▶ [Exercise directions]: Repeat the data exactly, leaving out any image.

▶ [Extracted material]:
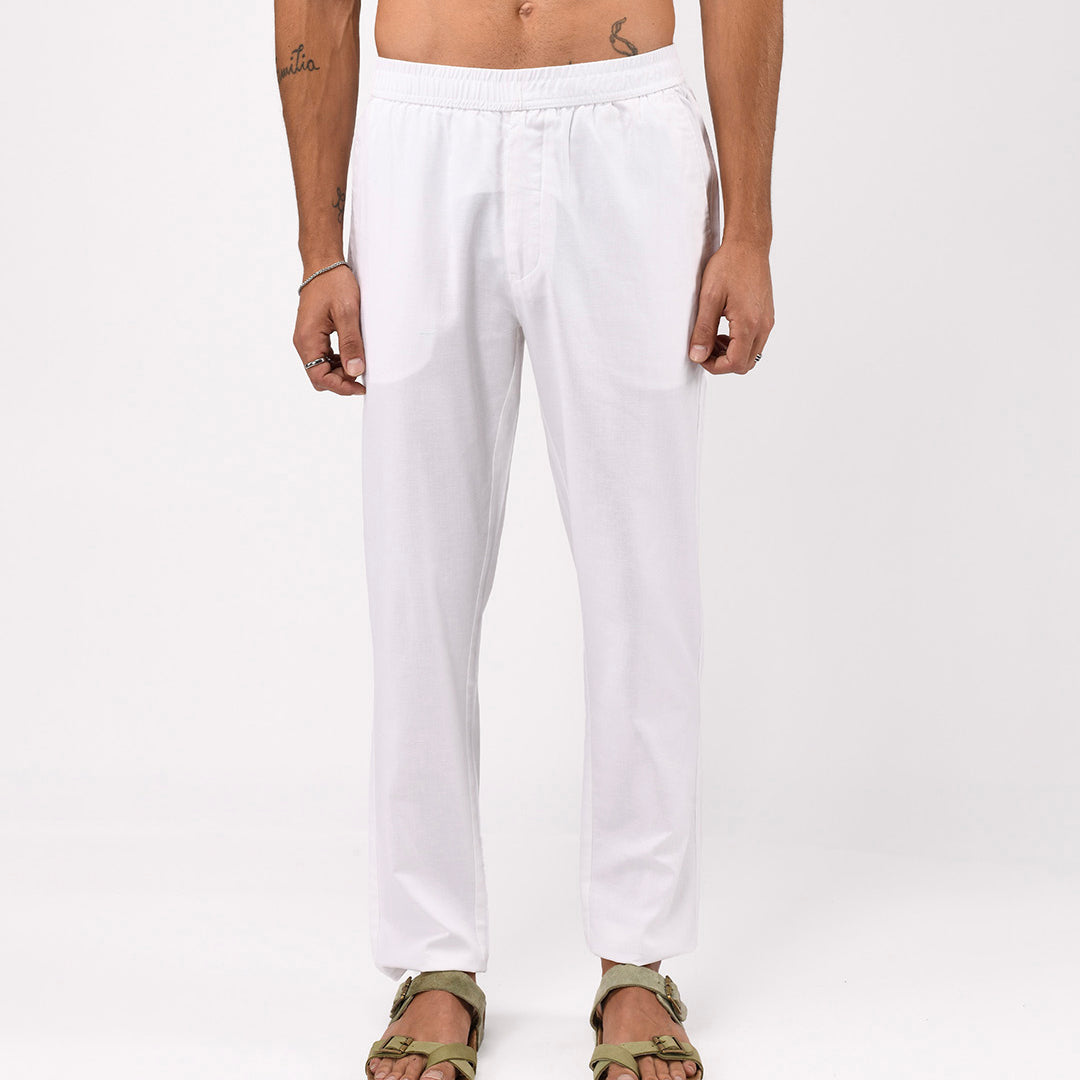 Linen Fused Tailored Pant In White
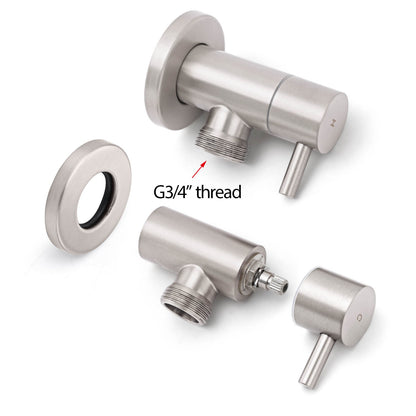 Brushed Nickel 1/4 Turn Twin Washing Machine Tap Set Wall Mounted Hot Cold Valve - Image 4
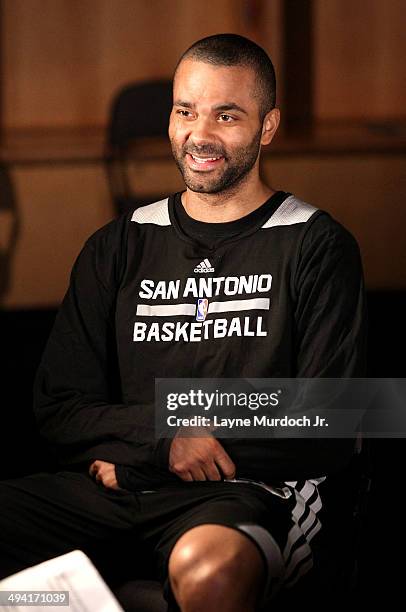 Tony Parker of the San Antonio Spurs sits down with Ahmad Rashad for a One on One exclusive interview for the NBA during Western Conference Finals of...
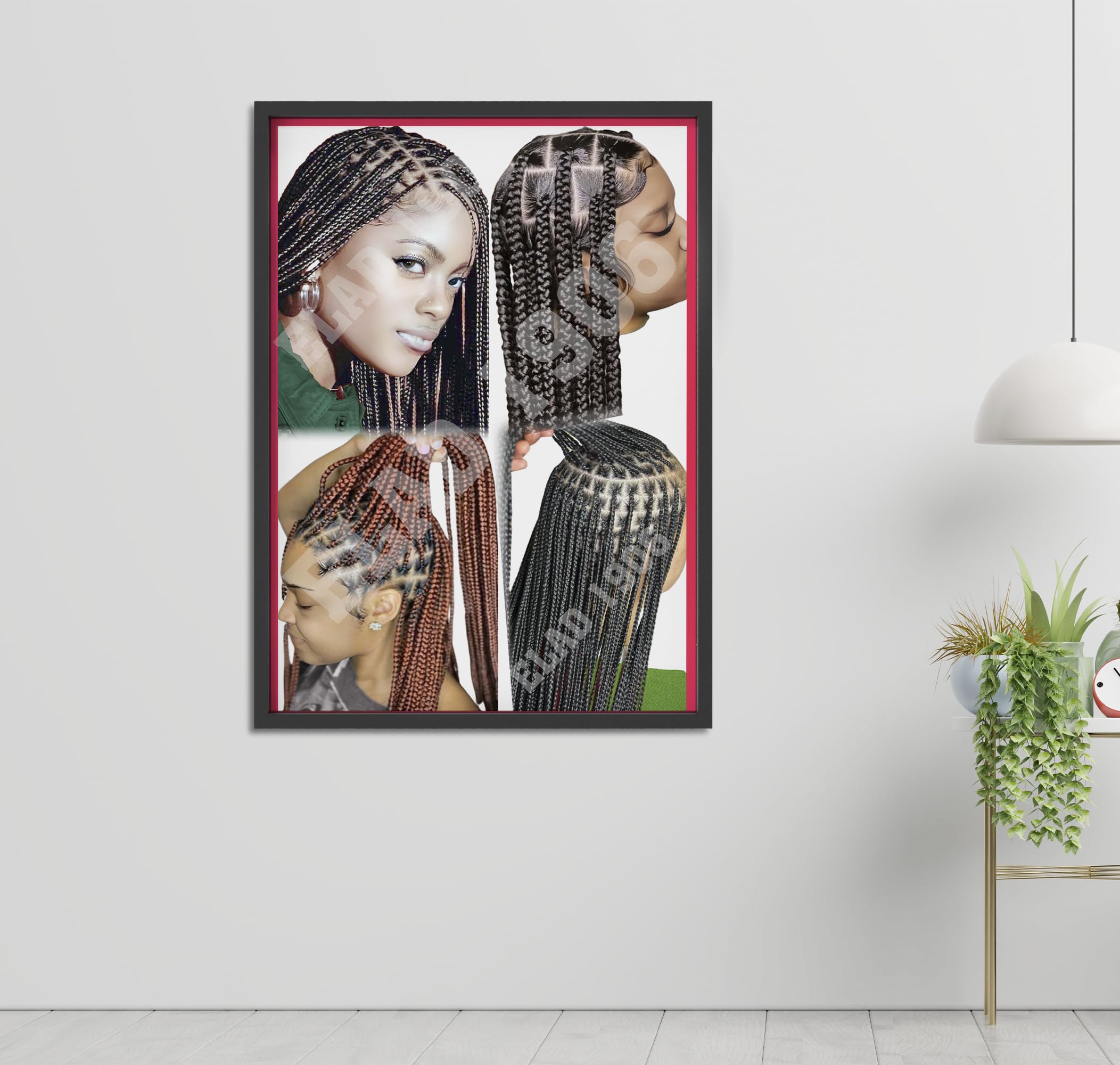 ELAD1906 - Póster de vinilo brillante para tienda de trenzas, póster africano para trenzar el cabello, llamativo expositor de ventana, duradero y resistente a desgarros, no cambia de color bajo la luz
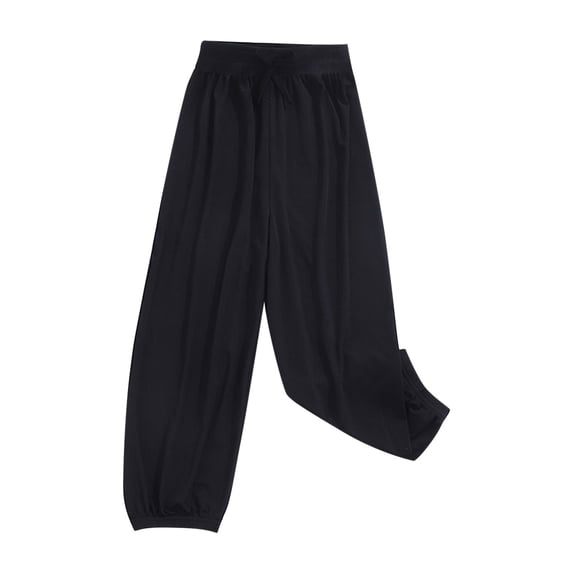 Mlzmgr Joggers for Girls Ice Silk Loose Baggy Pants Elastic Waist Trousers with Pockets Thin Lightweight Beach Pants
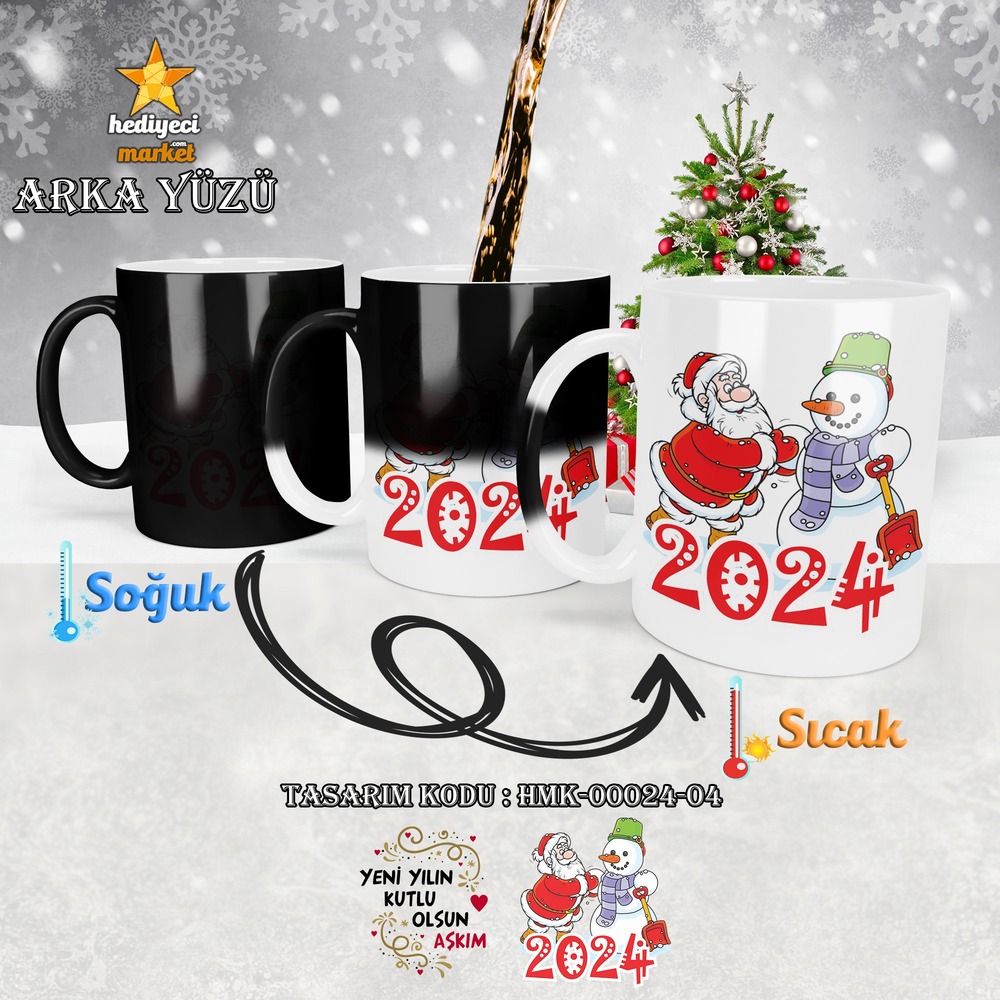 Kişiye Özel 2024 Yılbaşı Temalı Sihirli Kupa Bardak - HMK-00024-04 - HM-01-00078-04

▶ [Task response]:
 Linen Fused Tailored Pant In White
 Brushed Nickel 1/4 Turn Twin Washing Machine Tap Set Wall Mounted Hot Cold Valve - Image 4
 Tony Parker of the San Antonio Spurs sits down with Ahmad Rashad for a One on One exclusive interview for the NBA during Western Conference Finals of...
 ELAD1906 - Póster de vinilo brillante para tienda de trenzas, póster africano para trenzar el cabello, llamativo expositor de ventana, duradero y resistente a desgarros, no cambia de color bajo la luz
 Mlzmgr Joggers for Girls Ice Silk Loose Baggy Pants Elastic Waist Trousers with Pockets Thin Lightweight Beach Pants
 Kişiye Özel 2024 Yılbaşı Temalı Sihirli Kupa Bardak - HMK-00024-04 - HM-01-00078-04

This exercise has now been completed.